Kosmiczny teleskop Jamesa Webba, który ma zastąpić teleskop Hubble'a będzie droższy niż przewidywano. Koszt budowy, zamiast szacowanych początkowo 3,5 mld dolarów wyniesie co najmniej 6,5 mld - poinformowała NASA.
Wewnętrzny raport NASA mówi, że podczas przeglądu budżetu przeznaczonego na projekt w 2008 roku pominięto niektóre istotne koszta związane z realizacją projektu lub je zbagatelizowano.
Coraz droższy
W najlepszym wypadku budowa nowego teleskopu i umieszczenie go na orbicie będą kosztowały 6,5 mld dolarów - ale tylko pod warunkiem, że NASA już w ciągu najbliższych dwóch lat wyasygnuje 500 mln dolarów ponad zaplanowany budżet. W przeciwnym razie cały projekt pochłonie jeszcze większe nakłady, a jego realizacja się przeciągnie - wskazują autorzy raportu.
Fatalni księgowi
Przedstawiciele NASA z rozbrajającą szczerością tłumaczą, że najwyraźniej są lepszymi astronautami niż księgowymi. - Umykała nam pewna część tego, co się działo - tłumaczył przedstawiciel Agencji Chris Scolese.

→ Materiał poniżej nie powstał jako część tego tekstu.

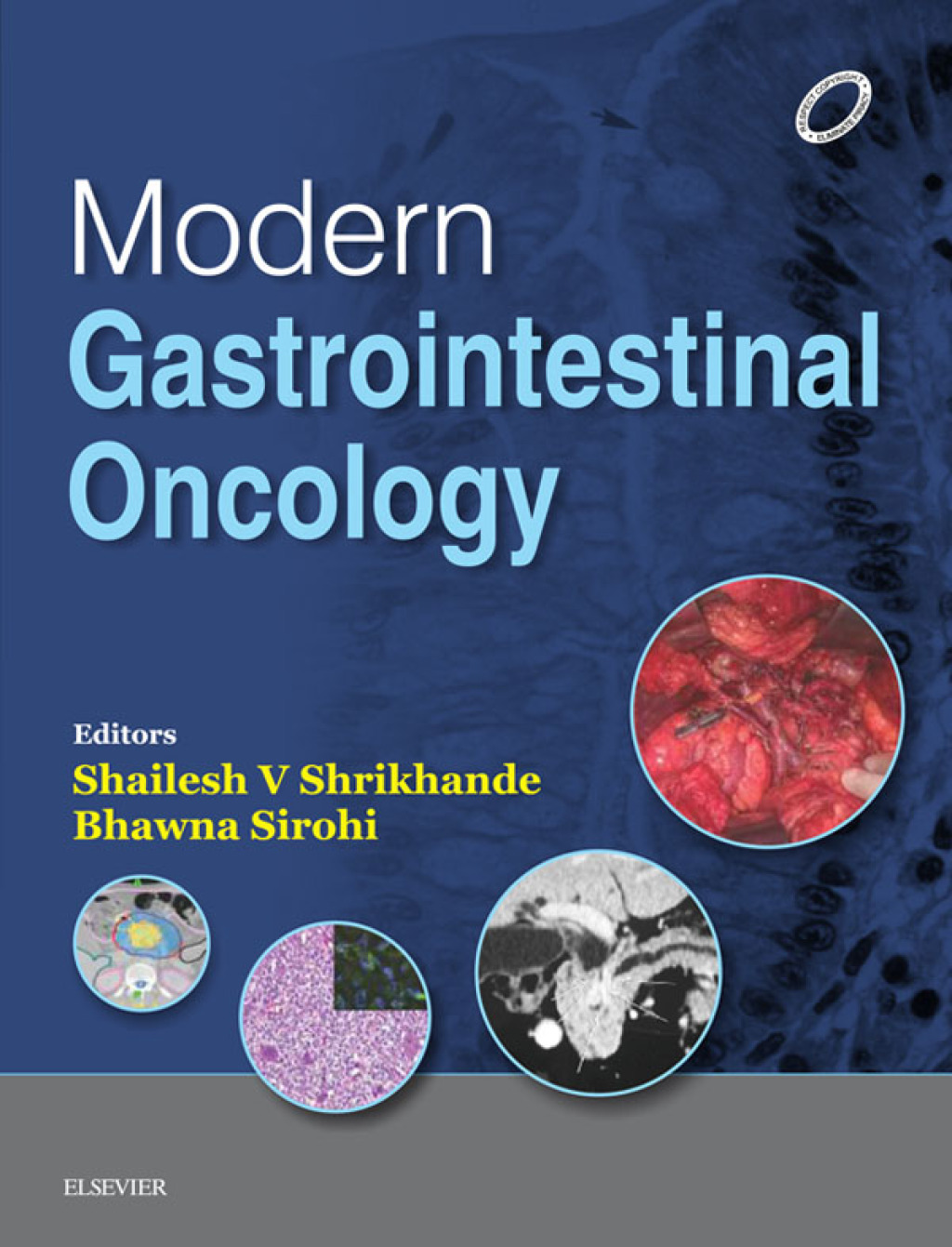 Modern GI Oncology 1st Edition â€“ PDF/EPUB Version Downloadable
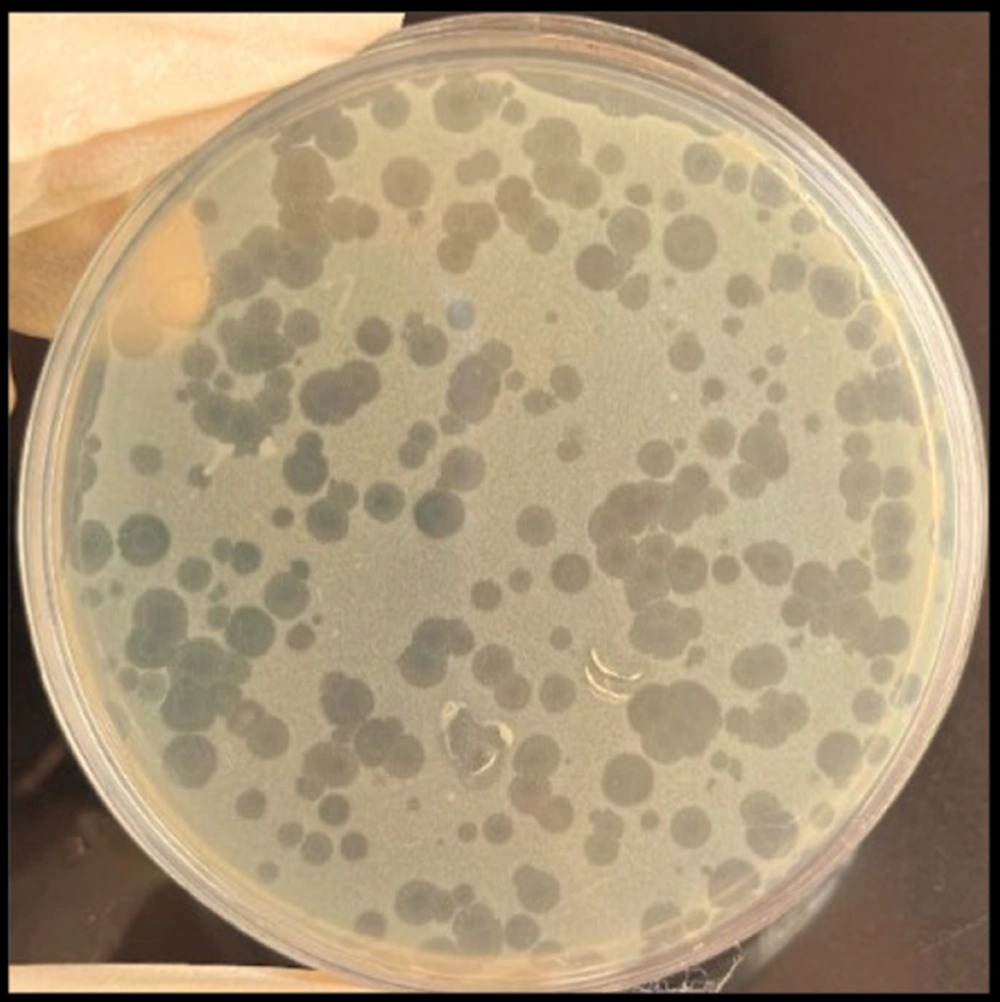Plaques of bacteriophage on double-layer agar plate Plaques of bacteriophage on double-layer agar plate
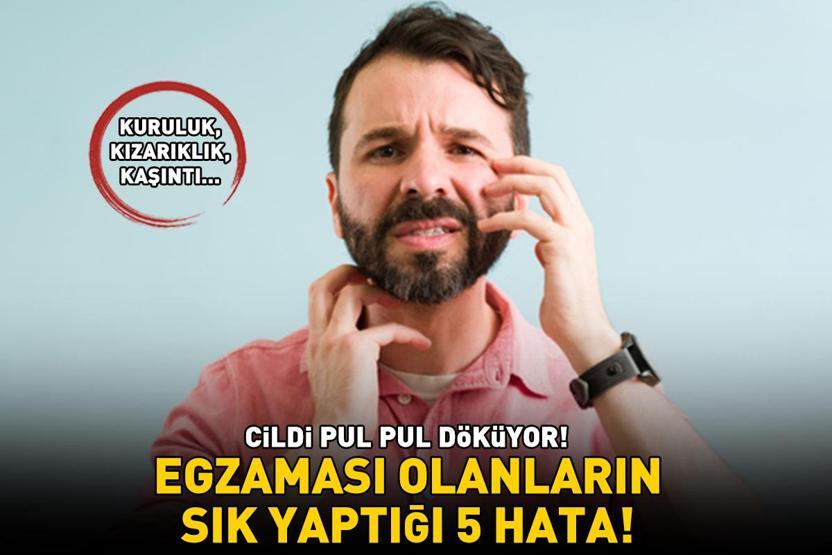 EGZAMASI OLANLARIN SIK YAPTIĞI 5 HATA Cildi pul pul döküyor; kuruluk, kızarıklık ve kaşıntıya neden oluyor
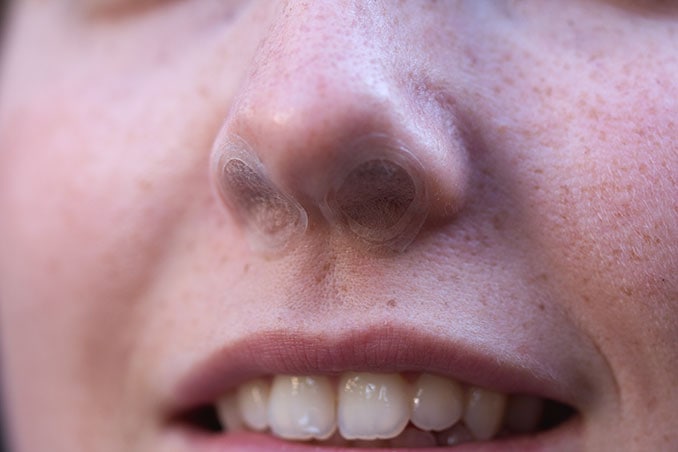 was-hilft-gegen-heuschnupfen-pollen-tierhaar-allergie-asthma
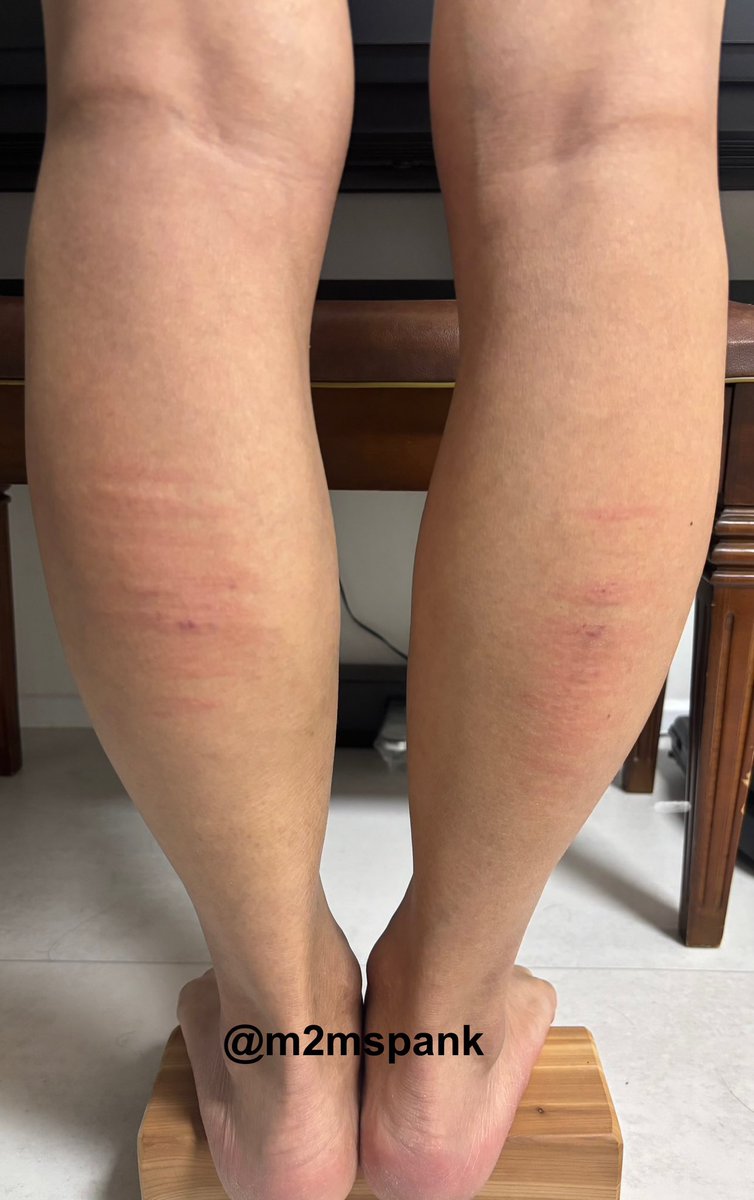 #종아리체벌 #회초리 #케인 #멜투멜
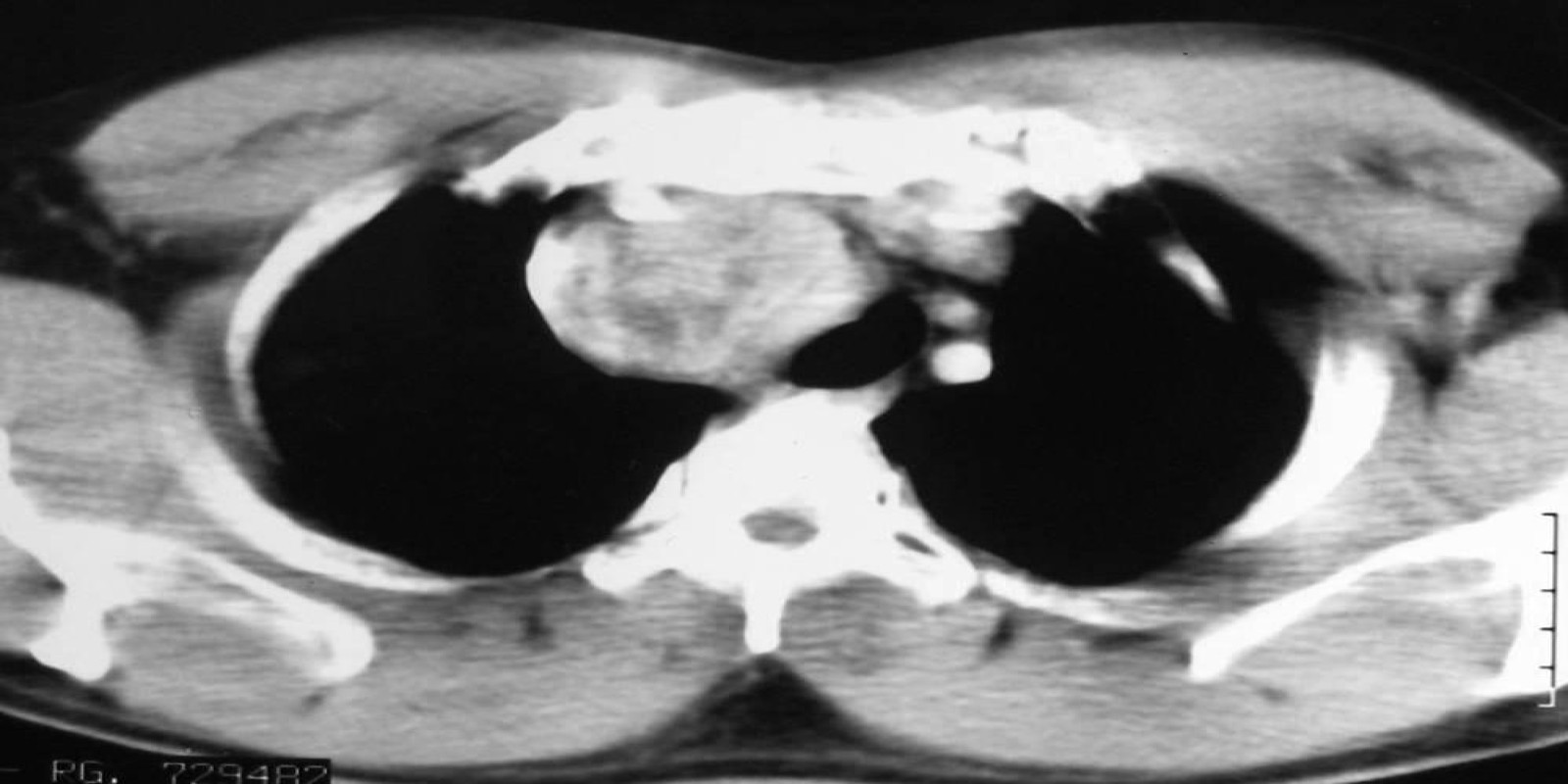 Caso Código 159B de Tireóide ectópica mediastinal 159B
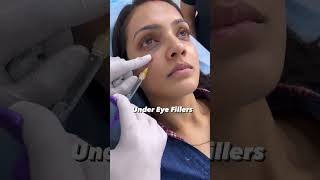 under eye filler treatment helps you get rid of wrinkles  Dermalyn Aesthetics  Dr Muskan Tyagi [upl. by Hamrnand938]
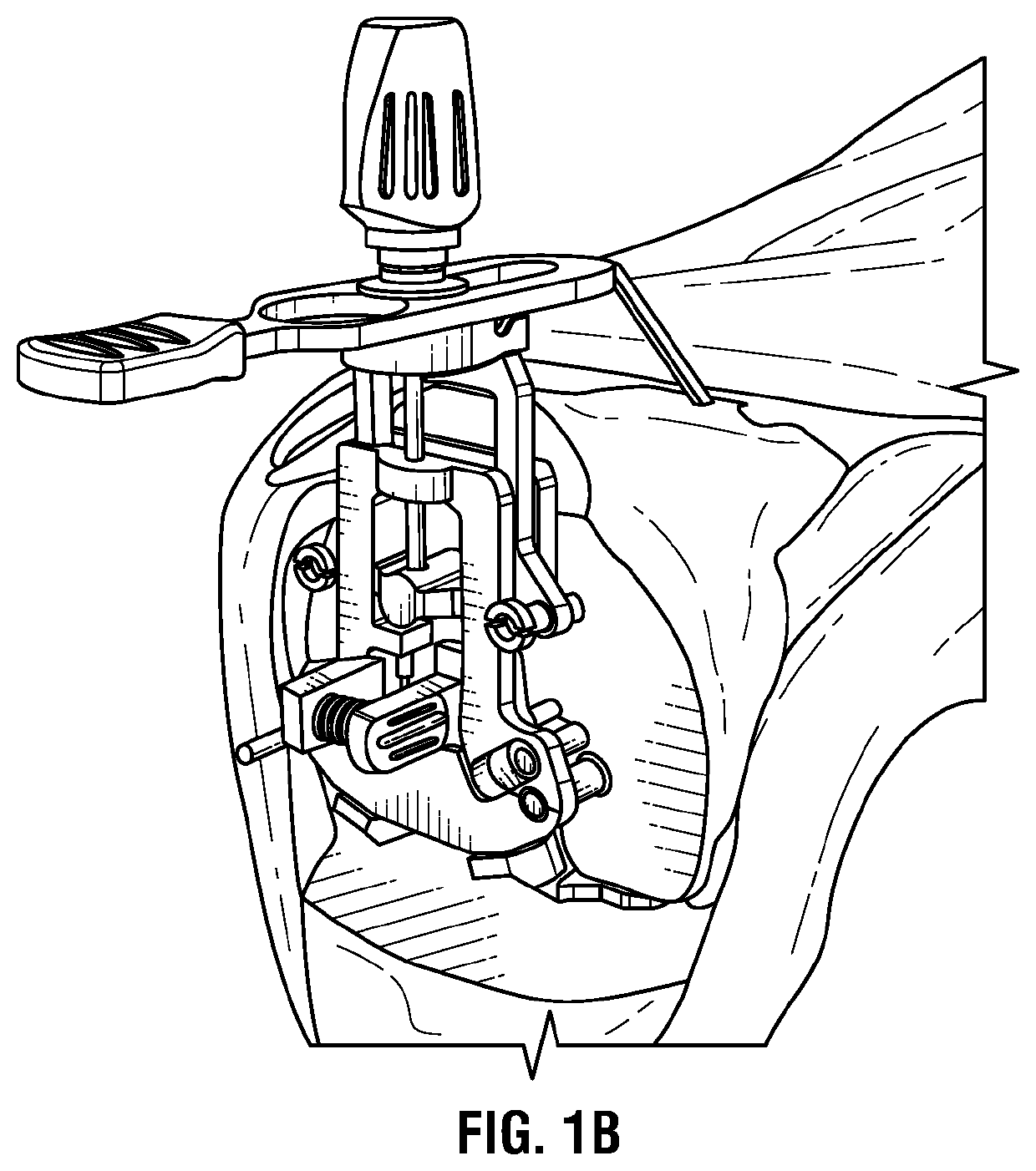 Two-piece total knee rotation guide and femoral sizer system and method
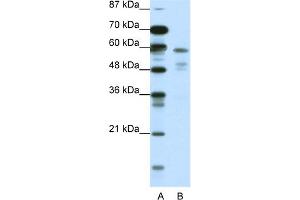 WB Suggested Anti-NR1H3 Antibody Titration:  2.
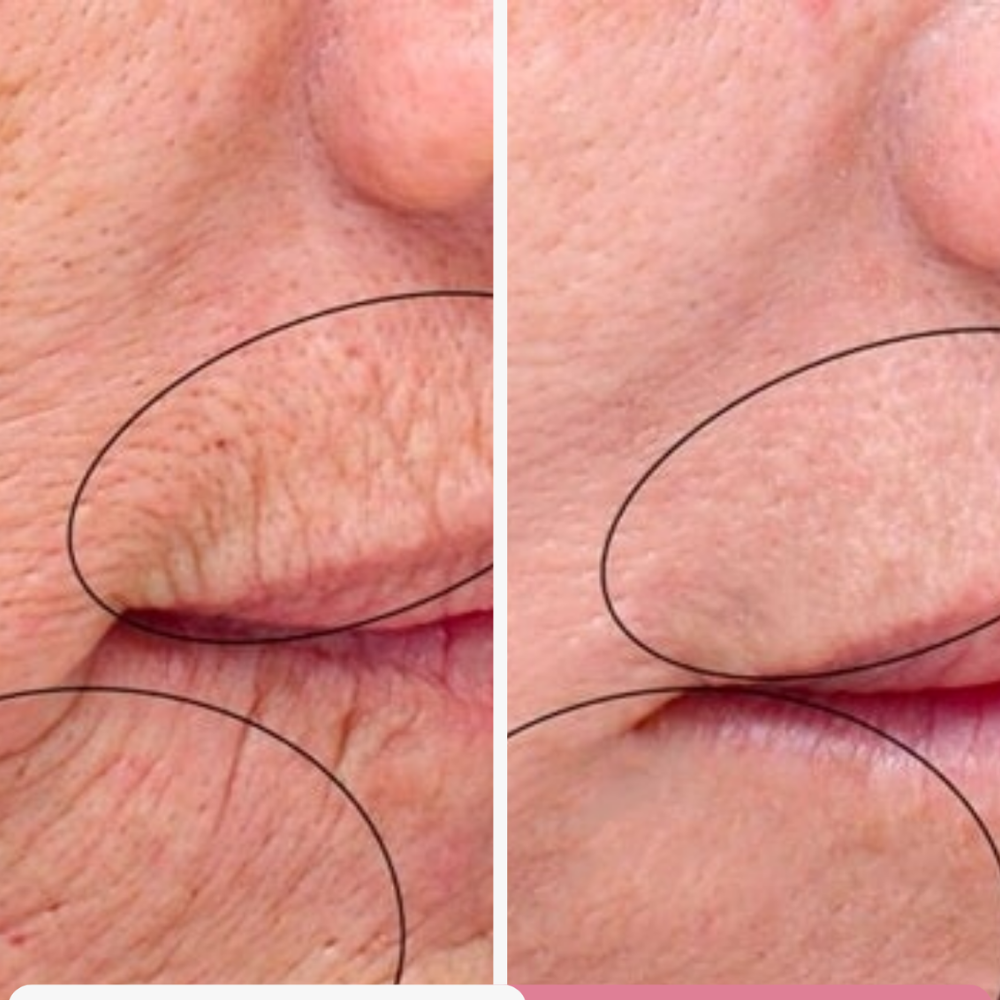 CollaKR™ – Rituel Anti-Âge Intensif au Triple Collagène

Scolese dodał, że Agencja dokonuje obecnie przeglądu swoich pozostałych przedsięwzięć. Chce w ten sposób znaleźć pieniądze na załatanie dziury w budowie teleskopu Webba, a także sprawdzić, czy bez swojej wiedzy sponsoruje podobnie kosztowne projekty.
Opóźnienia
Pierwotne plany mówiły, że teleskop Webba powędruje na orbitę już w 2007 roku. Potem jednak je zmieniono - na rok 2014. Teraz z kolei mówi się, że najwcześniejszym możliwym terminem jest wrzesień 2015 roku.
Mimo tych przeszkód, teleskop Webba będzie co najmniej 100 razy potężniejszy od Hubble'a, "wart włożonych weń pieniędzy" - przypomniał astronauta i profesor na University of California, Garth Illingworth.